Mikey felt his eyelids droop. "Not like this."
-:-
"Bipolar?"
Mikey hadn't expected a proper word for wat was wrong with him. He thought maybe he'd just get told to get over it. But he started to think that he hadn't imagined Rockwell and Casey talking the night before.
Was it the night before? Maybe a few nights?
"Yes. Given that you have had Rivet help out around the place, and you've been going on patrol more often it may have been hard to miss. Or maybe you've been bipolar for a lot longer than this, but because you don't live and function in human society it was missed. What your family thought was ADHD and then laziness could have been the beginnings."
"But because I went off the rails…"
"I can see this is more than simply depression." Rockwell shifted in his chair and tried to smile at Mikey.
"But I haven't been manic or whatever you called it in ages." Mikey wrung his hands in his lap. "Except for, you know, the last month."
"A swing can last for weeks or months. Bipolar isn't a steady pendulum." Rockwell frowned a bit, reaching forward to tug on Mikey's hands. "Your moods do change suddenly. They have the whole time I've known you."
"So what do we do?"
"I have means to get you the medication you will need to manage your moods."
"You can't use your powers? Like you did on the squirrelnoids?"
"No" Rockwell said sharply. "What April and I did to the squirrelnoids was cruel and invasive. I used my knowledge in neuroscience to rearrange their minds. I have never read your mind like that. I can't help picking up on the most outward emotion you're feeling, but I never invaded your privacy."
"I know this could have all been avoided if you had but thank you."
"I will be making more of an effort though. I will no longer be content with letting you be.
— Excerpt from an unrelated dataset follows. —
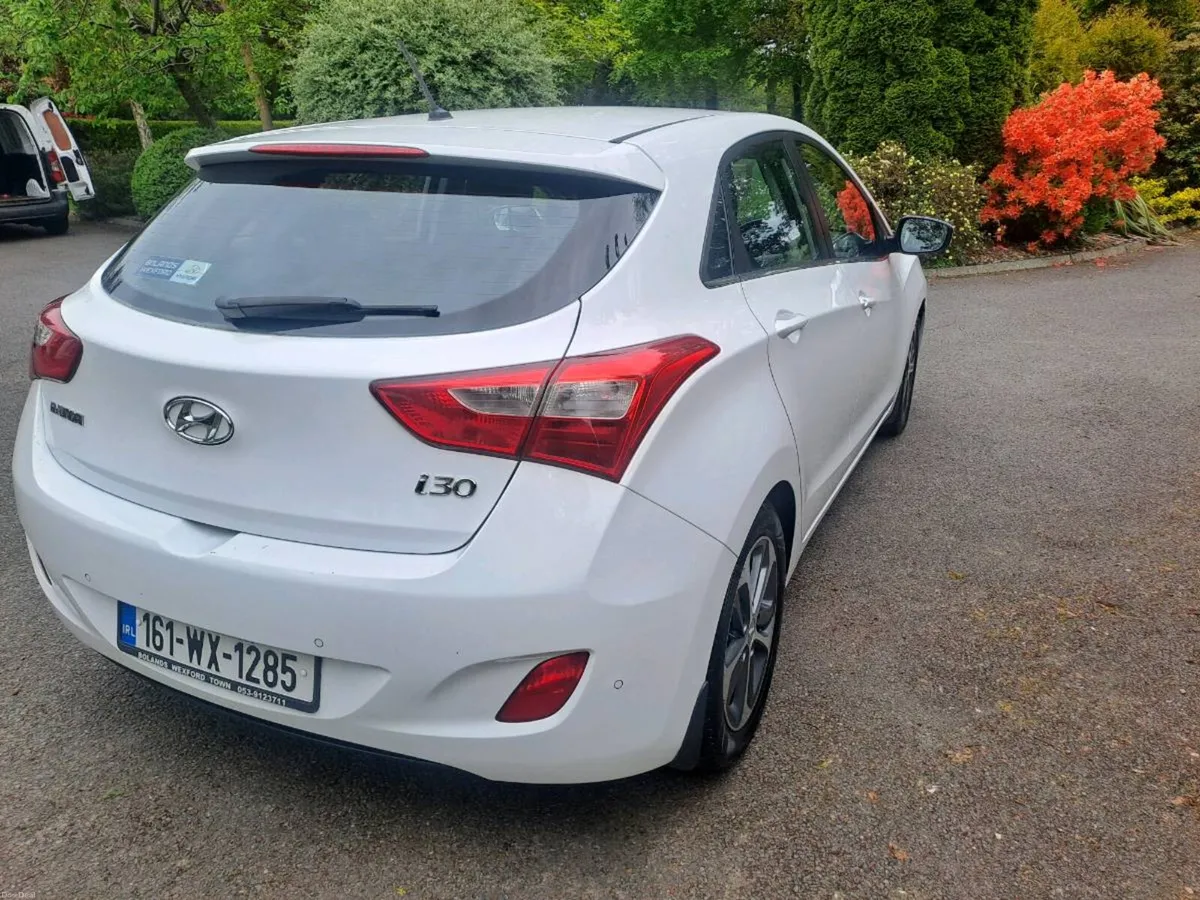 2016 Hyundai I30 DELUXE - Image 4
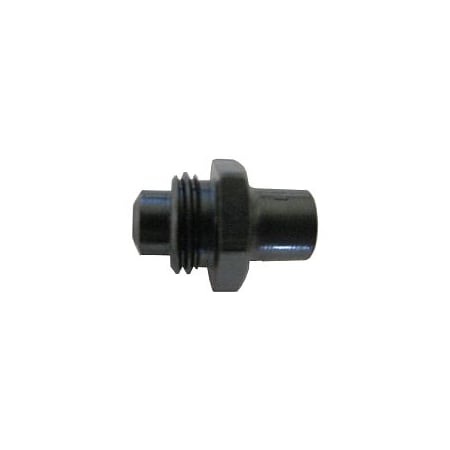 Stanley Engineered Fastening Nosepiece For 1/8 Diameter Open End Pop Rivets .210 X .437 Lg Tip N-131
I am putting myself in charge of your care."
"I can look after myself," Mike said stiffly, pulling his hands out of Rockwell's hold.
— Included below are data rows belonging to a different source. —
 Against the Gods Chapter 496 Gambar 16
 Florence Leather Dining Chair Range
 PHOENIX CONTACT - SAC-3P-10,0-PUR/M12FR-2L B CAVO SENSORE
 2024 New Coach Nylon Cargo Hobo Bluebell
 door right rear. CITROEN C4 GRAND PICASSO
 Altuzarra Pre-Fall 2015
"You have proven that to be false. And I don't want you to interact with that Woodrow boy outside of the pizza shop for a while."
"I was happy."
"You were high."
"Actually, I was drunk."
"Hmm."
"So, what? You're my adult now?"
"Yes. I should have been doing this from the beginning."
-:-
The day Mikey was given the ok to leave his bedroom was the day Rockwell told him to pack some things. Then have a shower and spend some time with the boys.
"Then we're leaving," Rockwell said firmly.
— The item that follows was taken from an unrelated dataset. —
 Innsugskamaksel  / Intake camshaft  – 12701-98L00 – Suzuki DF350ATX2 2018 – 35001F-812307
Mikey felt tired. He didn't want to do any of this. He just wanted to stay in bed a little longer.
How long had he been in bed?
He searched his brain, trying to figure it out but he couldn't. Maybe it was time to listen.
Maybe it was time to stop staring at the wall.
So... I've had parts of this chapter lying around since I first started writing this fic, haha. That's how it is with most of the chapter honestly. The pros of writing a slice of life type fic I guess.
Anyway, I hope you like it! Happier things are on the horizon.
I feel like I say that a lot and it only ends up being a 300 word snippet.